Sur la première photo, la pierre d'angle, plus imposante que les pierres intermédiaires que l'on aperçoit sur la seconde photo, à la base du mûr, supportaient des piliers de béton, qui à leur tour supportaient une poutre de béton aménagée d'une rigole de récupération de l'eau de pluie. Bien sûr ce lavoir comportait une toiture qui permettait aux habitantes (les hommes, à cette époque ne participaient pas aux travaux ménagers !!!) du village de laver leur ligne, tout en bavardant entre elles. Le lavoir était pour elles un lieu de sociabilité et de convivialité même si la tâche était rude.
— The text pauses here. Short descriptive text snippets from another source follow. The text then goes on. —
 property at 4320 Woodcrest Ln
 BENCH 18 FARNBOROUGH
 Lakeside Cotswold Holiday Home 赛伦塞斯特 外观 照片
Dans les années qui suivront l'adduction d'eau se fera progressivement et l'eau coulera alors au robinet, à l'intérieur des foyers des habitants de Lavoux. (actuellement nous consommons en moyenne 140 litres d'eau par jour et par habitant !)

Ceci, bien sûr n'a pas été sans difficultés, en raison des accords inter-communaux et des procédures administratives nécessaires.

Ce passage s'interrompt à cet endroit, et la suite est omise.